In any case, the crisis ended, but rather than simply winding down its short-term liquidity facilities the Fed continued to intervene through massive asset purchases—commonly called quantitative easing. Many outside and inside the Fed are unconvinced quantitative easing is meeting its objective of spurring economic growth. Yet there is a growing worry about the Fed’s ability to reduce its asset purchases without market disruption. Bond and mortgage markets were roiled earlier this year by Chairman Ben Bernanke’s mere hint that the Fed might unwind.

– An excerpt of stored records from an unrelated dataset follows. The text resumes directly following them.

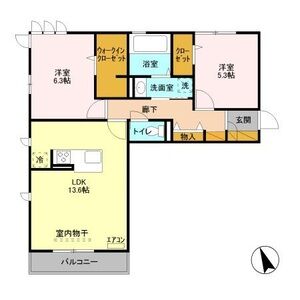 2LDK 間取り図
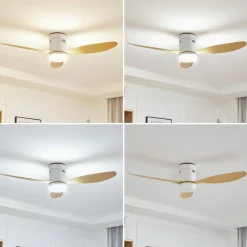 Lucande LED-kattotuuletin Kayu, valkoinen/puu, DC, 132 cm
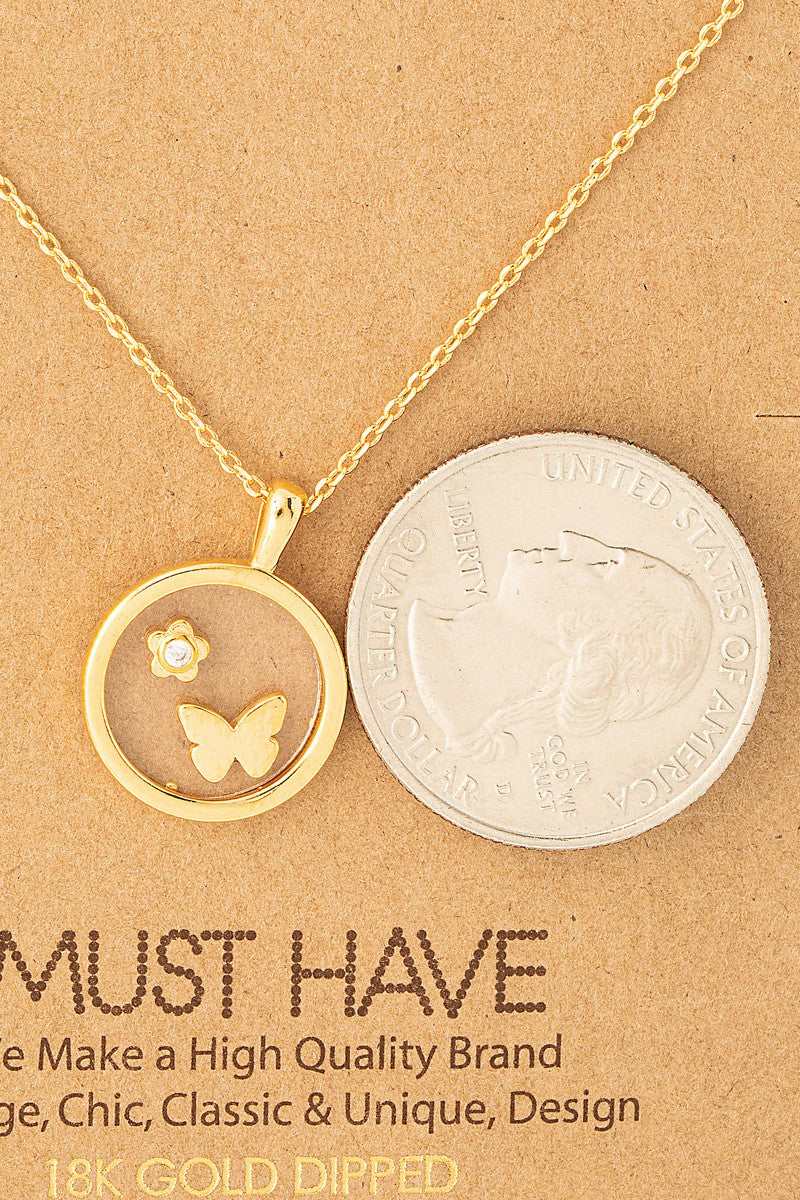 Butterfly and Flower Coin Necklace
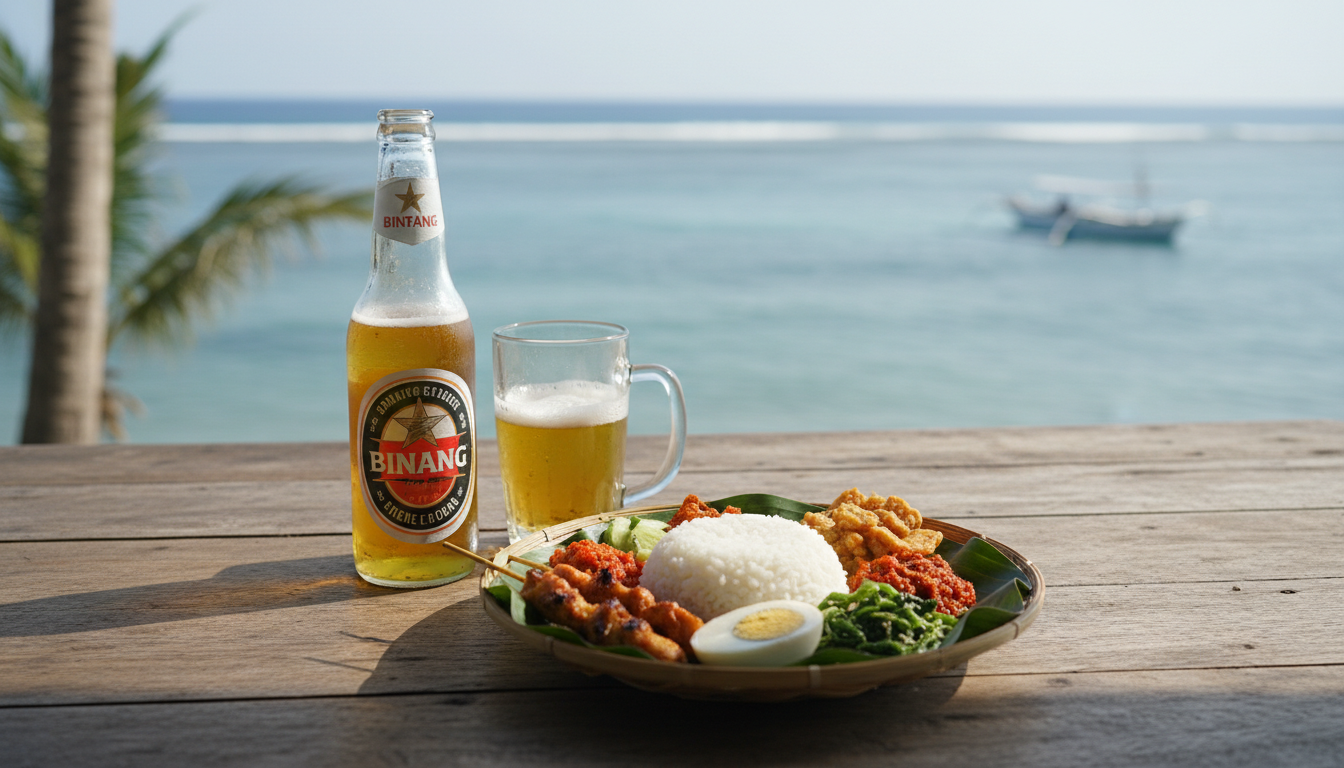 My Transformative Bali Vacation: An Island Journey 1 A traditional plate of Balinese Nasi Campur and a Bintang beer on a wooden table overlooking the ocean.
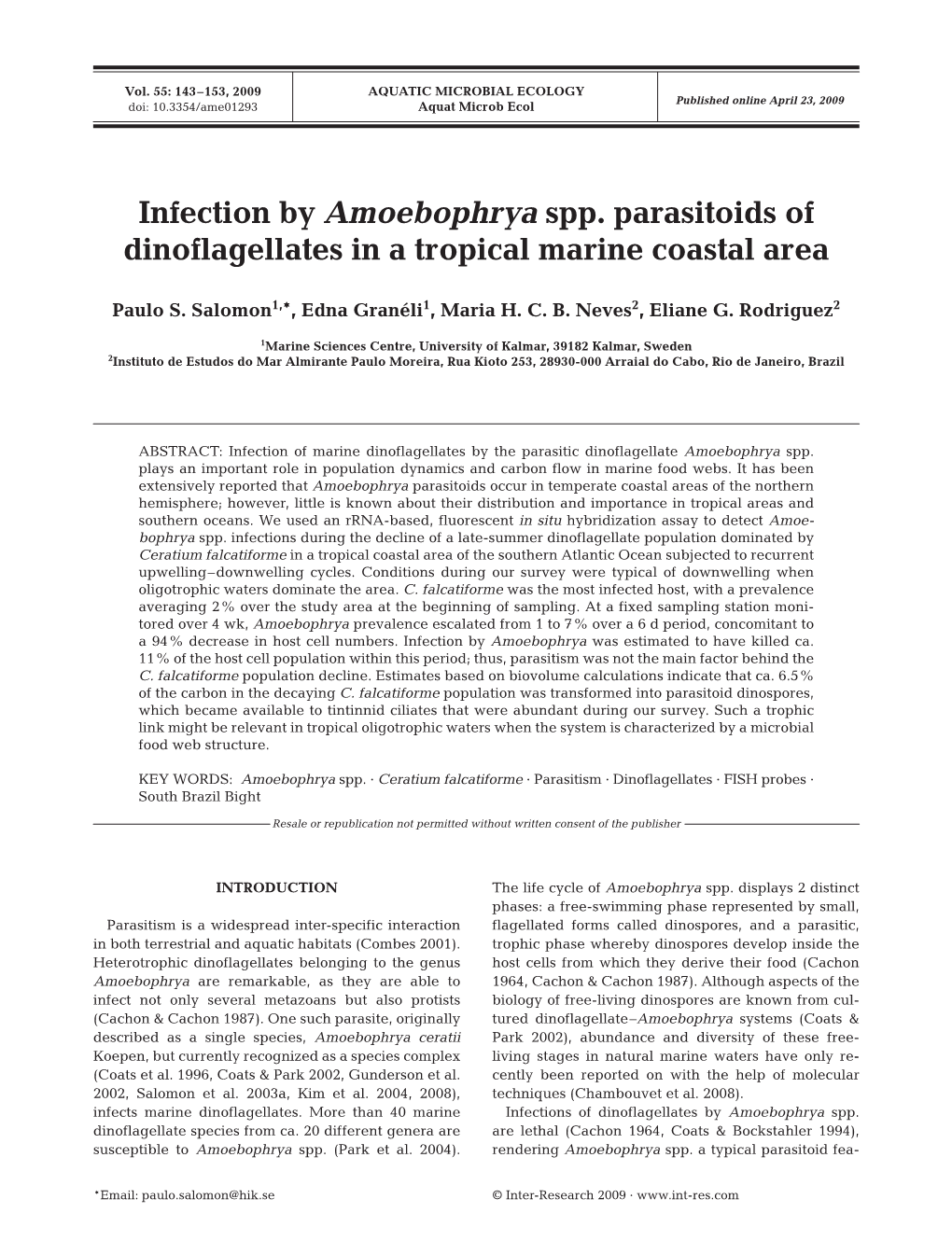 Infection by Amoebophrya Spp. Parasitoids of Dinoflagellates in a Tropical Marine Coastal Area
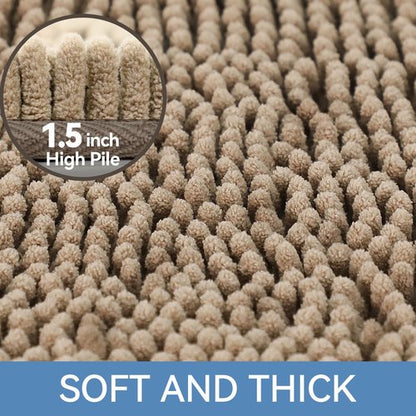 Bcoimo 24x17 Chenille Bath Mat – Non-Slip with Backing Bath Rug Ultra-Absorbent and Machine Washable Bathroom Mat Quick-Dry Design. Ideal for Bathroom Shower and Tub Areas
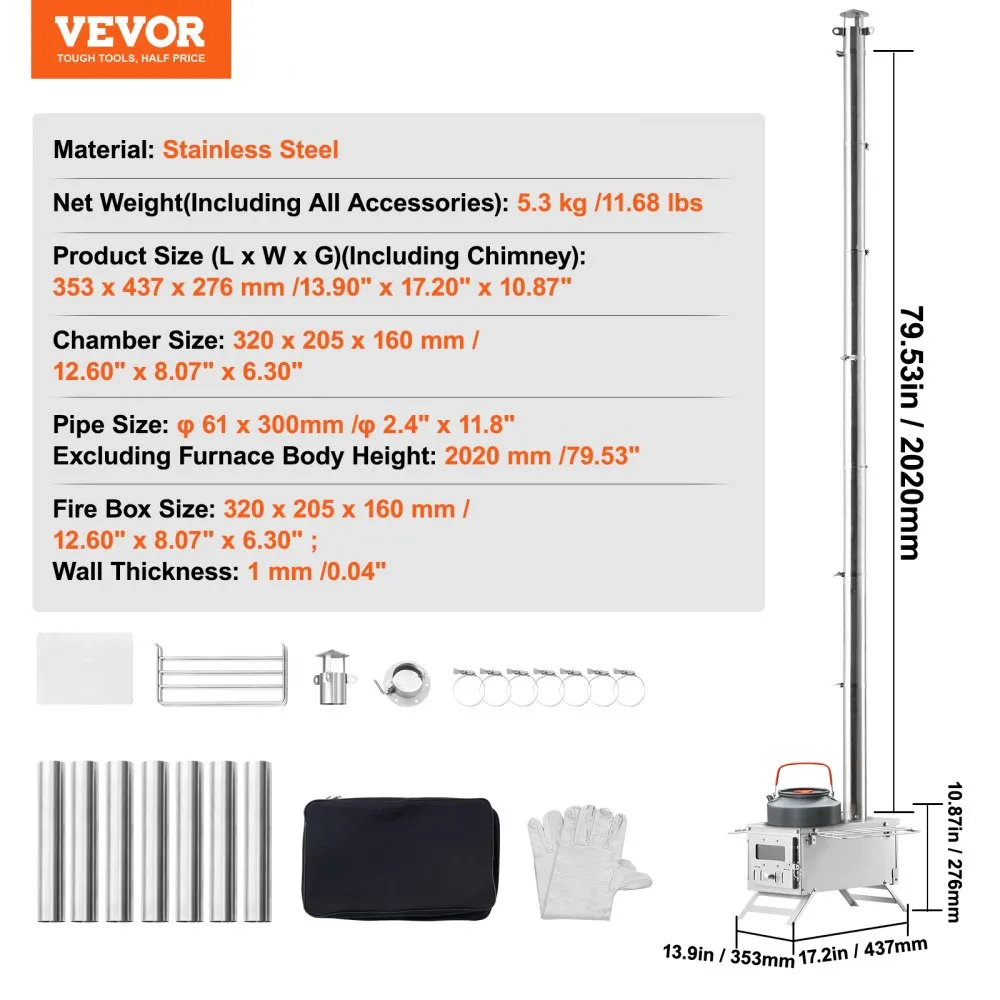 VEVOR houtkachel 80 inch campingtentkachel roestvrij staal draagbare houtkachel met schoorsteenpijpen en handschoenen 700 inch g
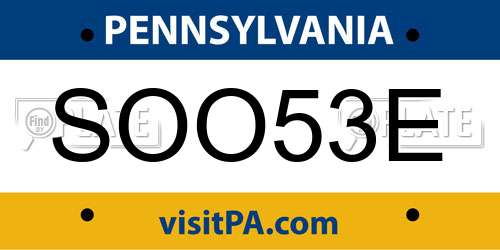 SOO53E Pennsylvania License Plate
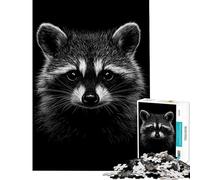 Rompecabezas de 1000 Piezas para Adultos Retrato de Mapache monocromático sobre Fondo Negro Juego de ingenio análisis y lógica difícil y desafiante para Mayores de 14 años 38x26cm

The crisis ushered in the 2009 fiscal stimulus package and other interventions such as cash for clunkers and subsidies for first-time home buyers, which have not led to a sustained recovery. Crucially, the actions taken during the immediate crisis set a precedent for giving the federal government more power to intervene and regulate, which has added to uncertainty.

The Dodd-Frank Act, meant to promote financial stability, has called for hundreds of new rules and regulations, many still unwritten. The law was supposed to protect taxpayers from bailouts. Three years later it remains unclear how large complex financial institutions operating in many different countries will be “resolved” in a crisis. Any fear in the markets about whether a troubled big bank can be handled through Dodd-Frank’s orderly resolution authority can easily drive the U.S. Treasury to resort to another large-scale bailout.

Regulations and interventions also increased in other industries, most significantly in health care. The mandates at the core of the Affordable Care Act represent an unprecedented degree of control by the federal government of the activities of businesses and individuals, adversely affecting incentives to hire and work and eventually worsening the federal-budget outlook.

Federal debt held by the public has increased to 73% of GDP this year from 41% in 2008—and according to the Congressional Budget Office, it will rise to more than 250% without a change in policy. This raises uncertainty about how the debt can be brought under control.

Despite a massive onslaught of legislation and regulation designed to foster prosperity, economic growth remains low and unemployment remains high. Rhetoric aside, many both inside and outside the government quite reasonably seek to return to the kinds of policies that worked well in the not-so-distant past. Claiming that one political party has been hijacked by extremists misses this key point, and prevents a serious discussion of the fundamental changes in economic policies in recent years, and their effects.